O nacionalismo é aqui tomado como a exclusão do outro, seja por razões de busca de uma ”raça pura”, seja por razões de imposição de uma religiosidade única. A decisão do juiz mantém  o direito de alguém “falar mal” do outro. Como posso dizer que o ideal do outro – representado pela religião – não presta só porque tenho uma visão diferente da vida ou da divindade que venero? Em política, podemos falar de um embate entre visões diferentes, porque é legítimo que um partido brigue para alcançar o poder; no entanto, é ilegítimo que alguém brigue para impor sua visão religiosa.  É o que nos assevera o professor de História das Religiões, Giuseppe Bertazzo:
“A história, a antropologia e a genética ensinam que não existe “raça pura”. Querer encontrar uma religião “pura” é também algo não aconselhável. A não ser que você queira considerar a religião etnocêntrica, a de um povo que se coloca em contraposição aos “inimigos”. Até a religião hebraica, em seu início, considerava Jahvé (ou Jeová) seu deus exclusivo, em contraposição aos outros. Felizmente, aos poucos abriu-se para um monoteísmo que caminhou, pelo que conhecemos pelas palavras do profeta Isaias, uns 500 anos antes de Cristo, para a concepção de um deus preocupado com os mais fracos. Ao enunciar o projeto de sua missão, Jesus Cristo serviu-se da palavra de Isaias. Sem esquecer que a mesma Bíblia contém elementos, visões e narrações anteriores que encontramos no Egito e na Mesopotâmia antigos; o cristianismo e o islamismo beberam nessa fonte de deversidades culturais. Em determinados momentos históricos também as religiões as religiões se mesclaram diretamente ao Poder,  servindo como justificativa para ditaduras e proteção dos poderosos. Eu admiro demais Jesus Cristo que falava que a Justiça não podia ser apenas a dos fariseus, que só impunham obrigações, mas deveria ir além: olhar diretamente para as necessidades das pessoas. O mesmo Estado,hoje, deve se voltar para quem mais precisa;  no caso, as religiões afro-brasileiras, que não querem dominar a sociedade.”

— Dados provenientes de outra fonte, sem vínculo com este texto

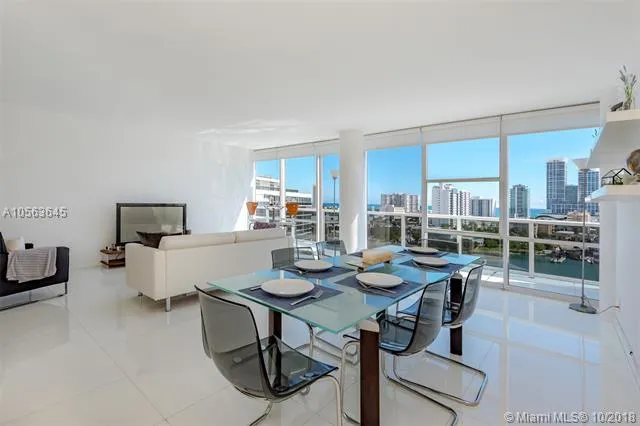 King Cole #1022 image #8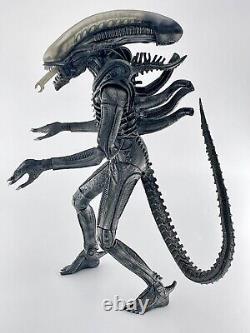 NECA Alien Xenomorph 1/4 Scale Deluxe Big Chap Alien Action Figure H. R. Giger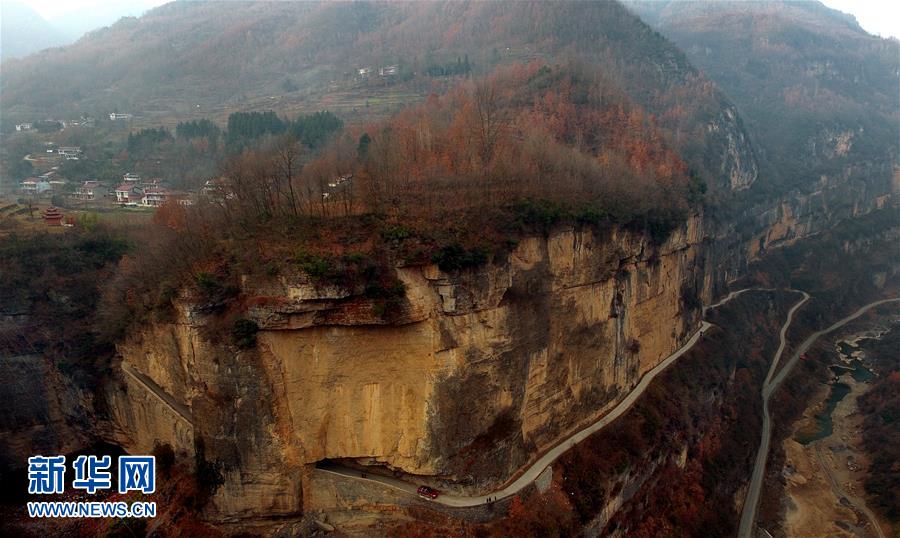 Estrada contruída em penhasco da montanha Ta-pa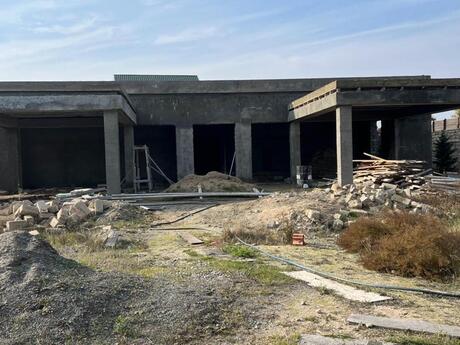 6 otaqlı həyət evi/bağ evi - Şüvəlan q. - 365 m²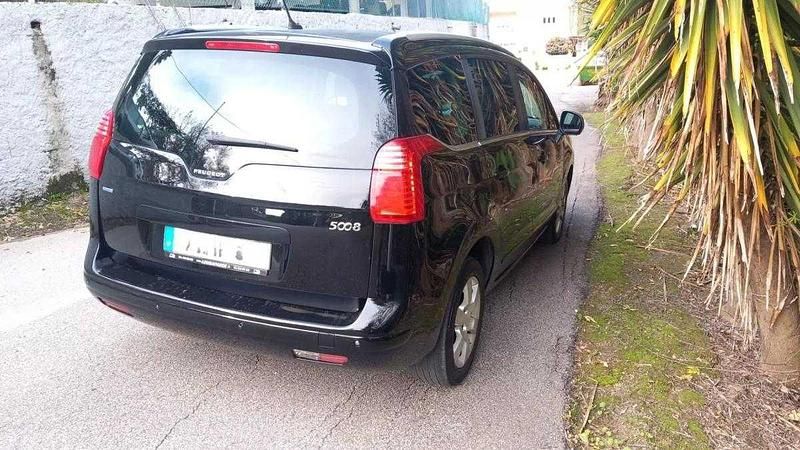 Usado Peugeot 5008 Active 120 HP (88 kW) 2016 Preto Monovolume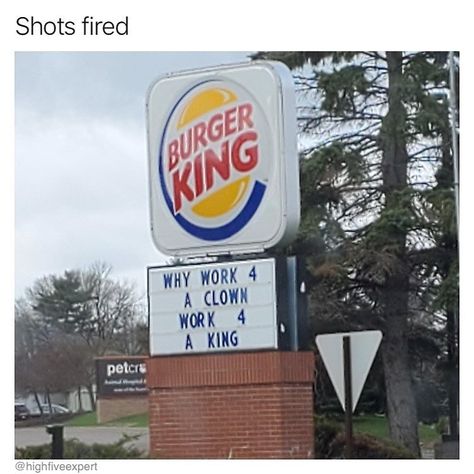 Burger King VS McDonalds Burger King Fanart, King Fanart, Jokes Of The Day, Insta Memes, Super Funny Pictures, Clean Memes, Joke Of The Day, Memes Humor, Six Feet Under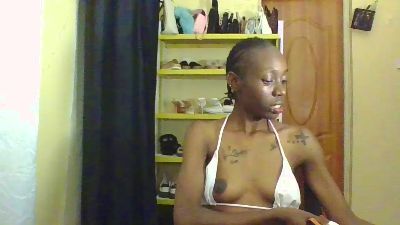 Yiarah1 live cam on Cam4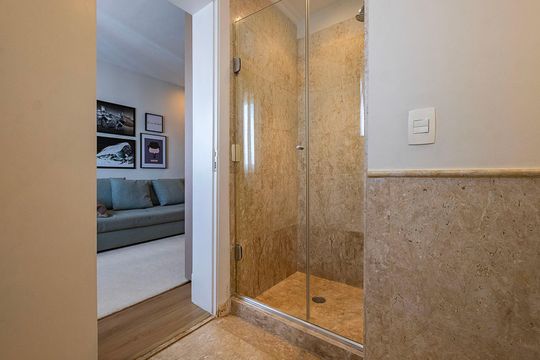 Compra apartamento em Alto de Pinheiros com 7 quartos, 5 suítes e varanda gourmet. — Banheiro da Suíte 4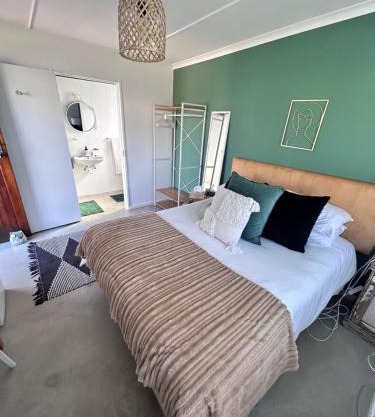 Bottlebrush Guest Suite, Newton Park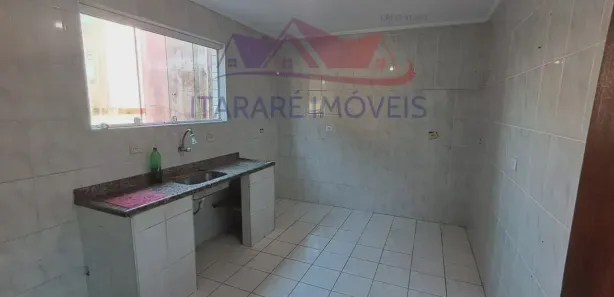 Casa com 3 Quartos para alugar, 110m² no Vila Voturua, São Vicente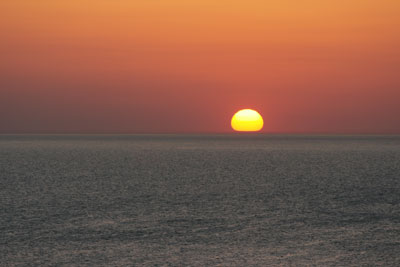 Om 22:00 uur zakt hij dan eindelijk in de zee.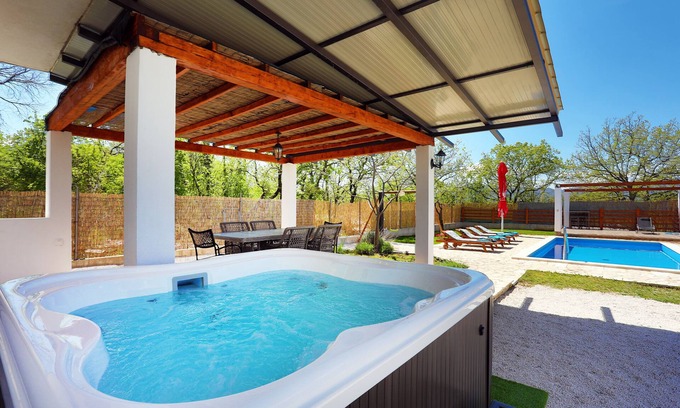 Sestanovac House | Inviting House for 8 with Private Pool & Hot Tub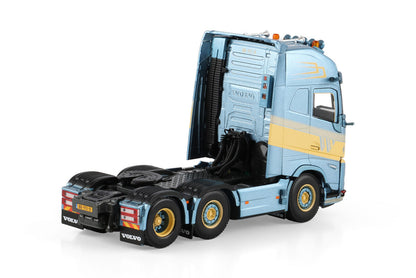 S.N. de Witte; VOLVO FH AERO GLOBETROTTER XL 6X2 TWIN STEER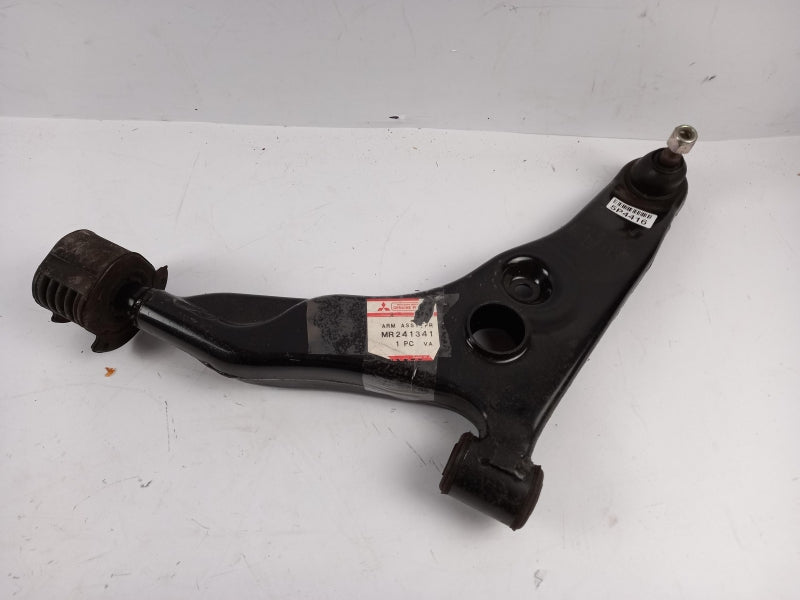 MITSUBISHI Track Control Arm MR241341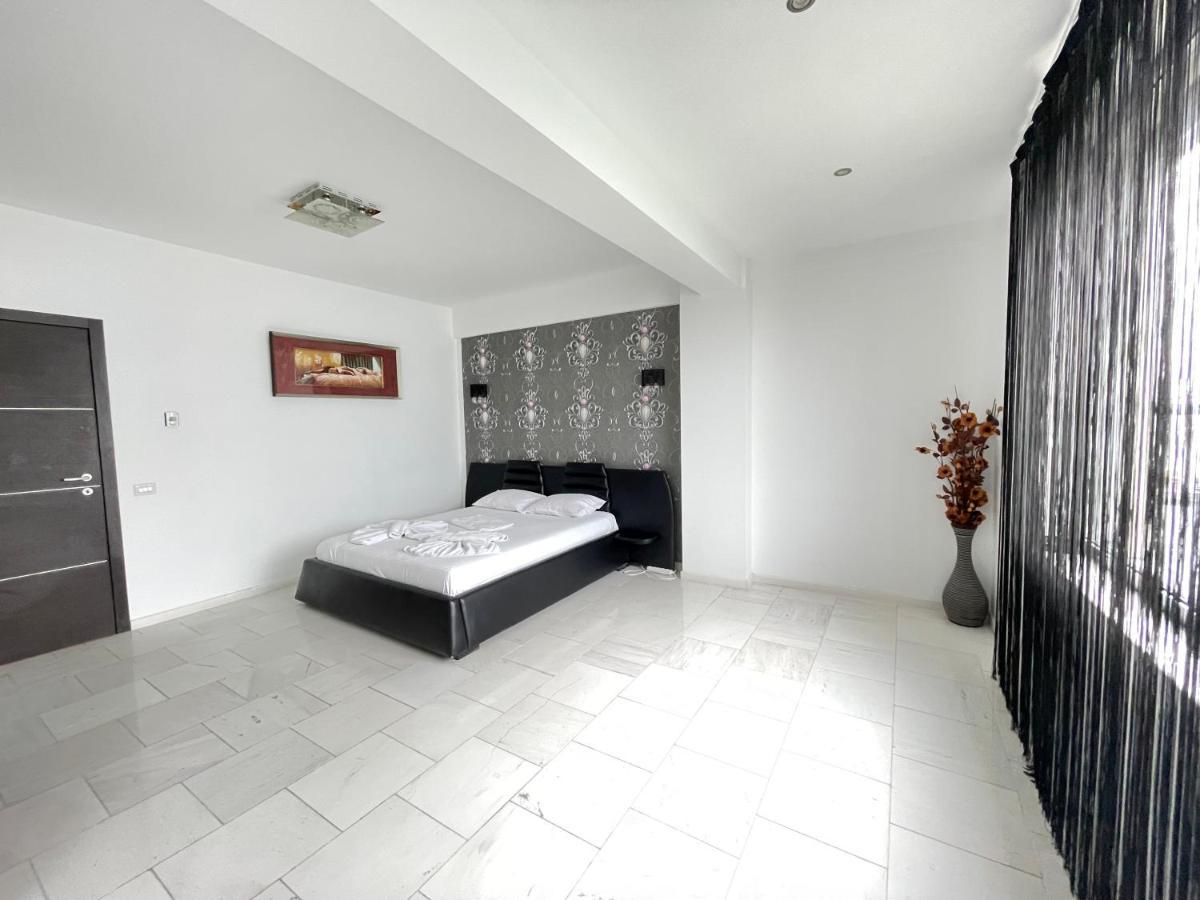 מאמאיה Sns Apartament In Vila Sophia מראה חיצוני תמונה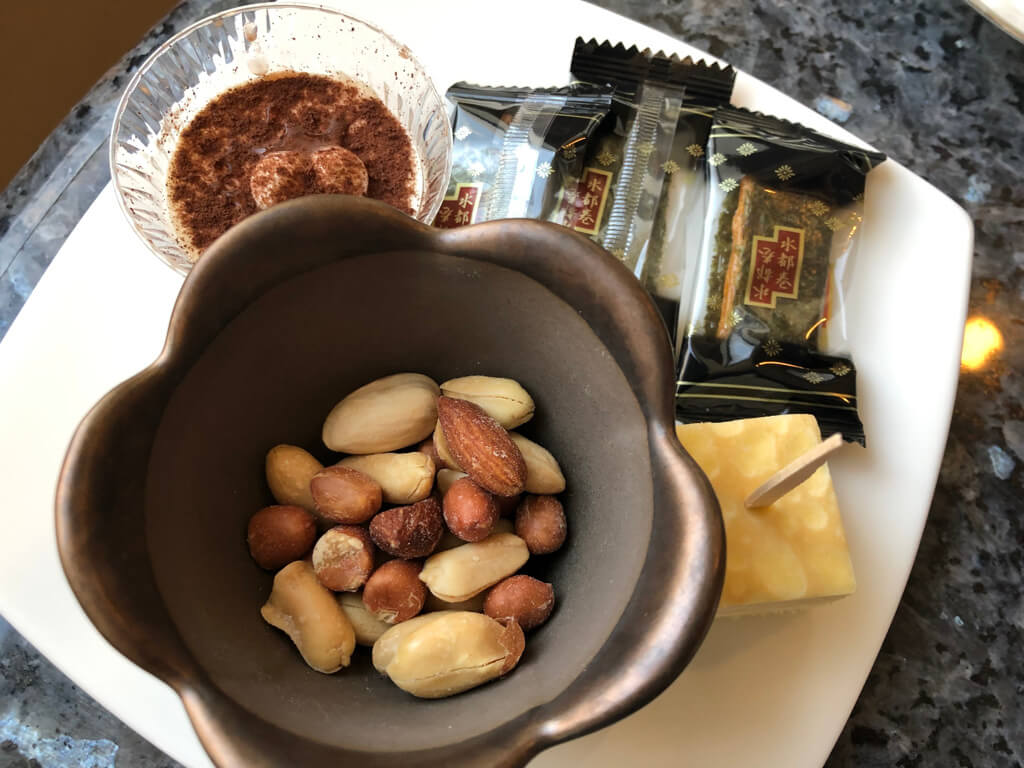 名古屋マリオットアソシアホテル　デラックスダブル　スタンダードダブル　子連れ　宿泊記　朝食　エリートラウンジ　　フィットネスジム　プール　SPGアメックス　紹介　プラチナ特典　ゴールド特典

Assim, devermos ir além da literalidade da lei para olharmos as singularidades da herança histórica brasileira: uma radiosa mistura. Raul Lody, que dedicou sua vida ao estudo das religiões africanas, pode nos iluminar:
“Na formação de povo brasileiro, os Yorubá, os Fon, os Ewe;  as civilizações dos povos Bantu e da África oriental abastecem de histórias religiosas o nosso entendimento de fé, de sagrado, de memórias míticas; e de inúmeros conhecimentos culturais agregados à música, à dança, à comida, e ao idioma, entre outros. Organizadas, hierarquizadas, sistematizadas em rígidos preceitos litúrgicos; detentoras de calendários religiosos; também mantenedoras de amplo e  rico acervo cultural de povos africanos no Brasil, são o Candomblé nas suas Nações Ketu, Nagô, Jeje, Angola, Angola-congo, Gexá, Moxicongo em todo o Brasil; O Xangô, no Nordeste; o Mina-jeje e o Mina-nagô no Maranhão e na Amazônia; o Batuque, e as suas muitas Nações no Rio Grande do Sul; e a Umbanda. Essas religiões têm o reconhecimento do Estado nacional por meio do “tombamento” como Patrimônio Nacional (IPHAN), que assim demonstrou a importância dessas religiões tão organizadas quanto as demais que convivem no nosso Estado democrático.”
Há um ponto em comum que une Steiner, pensador da origem das linguagens, a Lody e Bertazzo: o da aceitação das diferenças, o da não-exclusão, o do convívio dos contrários. A ideia é a de que você faz parte de um mundo maior de culturas distintas, que se entrecruzam e se ampliam, abrindo horizontes, sempre enriquecedoras. Ou, como na visão do poeta Drummond: “Amor é o que se aprende no limite”. Aprender a amar a si mesmo, de pronto, é conhecer seus próprios limites.